I went through a series of females, most of the sex was mediocre at best. The best sex and most exciting sex was with a 37 year old, she was super sexy and cute, (I was 50). We had some wild sex and eventually she told me she wanted to just get on my Harley with me and ride away from her husband and kids and just keep riding. Eventually we broke up when they moved away, last I heard she had left her husband (and kids) and went off with her new lover.

I met a woman online that had all sorts of sex experience, she told me by the time she was 18 she had at least 50 partners and by the time I met her she had close to 200. However, instead of being wild in bed, she decided that sex was over rated and she became a born again virgin and stopped her wild ways and wild sexcapades. And so sex was once again boring and routine. Seems like shortly before I have met a woman after my divorce, they suddenly changed their wild ways and became settled down and BORING!! Anyway I bit the bullet since I was tired of being alone and married her. Our sex life has been mediocre at best and few and far between.

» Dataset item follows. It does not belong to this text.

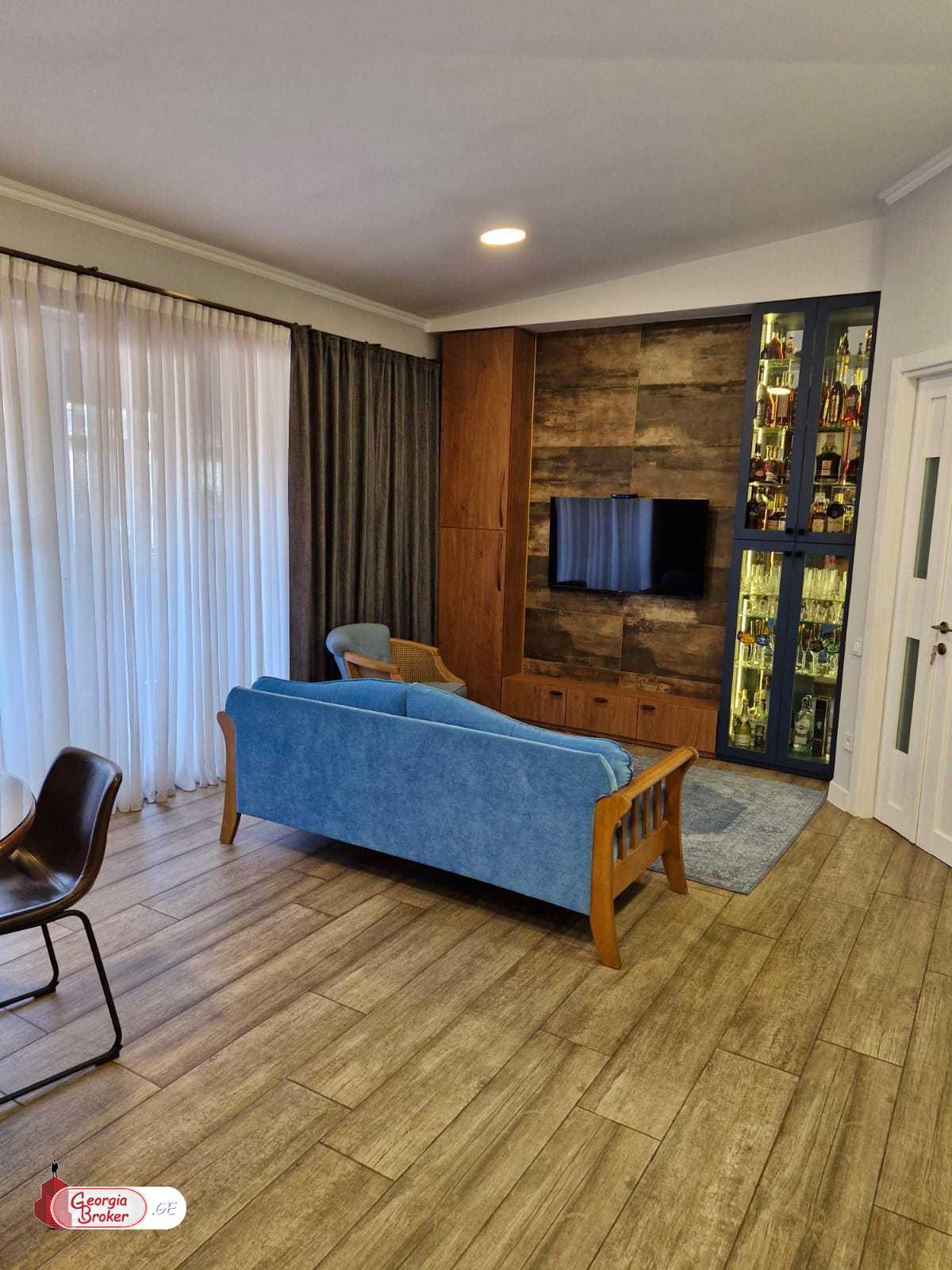 იყიდება ახალი გარემონტებული 3 ოთახიანი ბინა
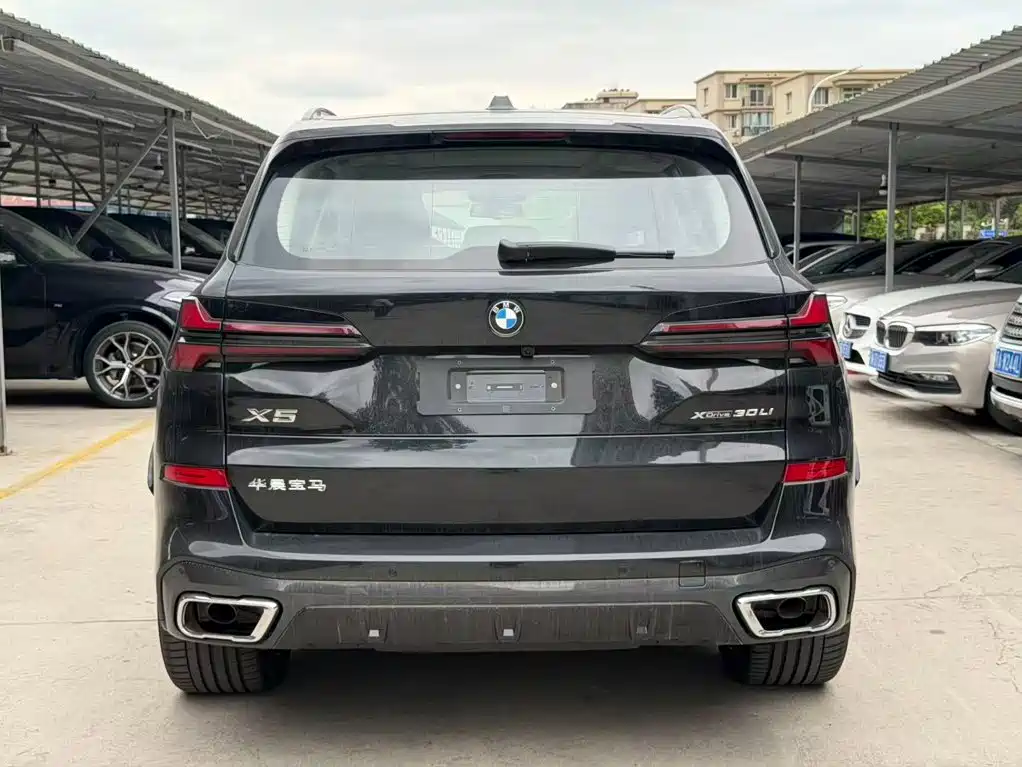 BMW X5 2026 2026 Facelift xDrive 30Li Exclusive M Sport Shadowline Package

How do you spice things up? I am tired of boring sex and miss that little 37 year old chick….


----------



## Married but Happy (Aug 13, 2013)

You settled for someone where the sex is mediocre. Unless she is willing to spice things up with you, you'll find it (nearly?) impossible to do on your own, but you can up your game when the opportunity arises. Maybe @badsanta can give you ideas, though, as he's dealt with this. Aside from divorcing and dating until you meet someone more exciting (and consistent), then ask her if she'd consider swinging.

My first wife was not very sexually exciting, and after saying "I do" mostly said "I don't." I divorced her (one of the best decisions of my life) and eventually met a truly wonderful and highly sexual woman. We've had a great sex life, and added to it via swinging, polyamory, and a somewhat open relationship. Those things may not work for you unless you are both truly willing to try it - and most are not.


----------



## Blondilocks (Jul 4, 2013)

Obviously, for you, the secret is to find yourself another woman who isn't available. Otherwise, look in the mirror.


----------



## jorgegene (May 26, 2012)

Sex may be a lot of things, even bad or not so good, but I have never found it boring.
Not even once.


----------



## Andy1001 (Jun 29, 2016)

A little bit of advice for you my friend. 
You’re fifty not twenty. Your days of attracting hot girls who are up for anything in the sack are gone. 
You wasted years of your life already, don’t waste any more looking for someone unattainable.


----------



## Gomezaddams51 (Jun 15, 2020)

jorgegene said:


> Sex may be a lot of things, even bad or not so good, but I have never found it boring.
> Not even once.


LOL I guess it is just having sex with the same woman over and over and over and over and over again... Like driving the same car over and over, unless it is a Corvette, it just becomes boring and routine... You see the same naked body, and do the same positions and it just becomes a routine.


----------



## Andy1001 (Jun 29, 2016)

Gomezaddams51 said:


> LOL I guess it is just having sex with the same woman over and over and over and over and over again... Like driving the same car over and over, unless it is a Corvette, it just becomes boring and routine... You see the same naked body, and do the same positions and it just becomes a routine.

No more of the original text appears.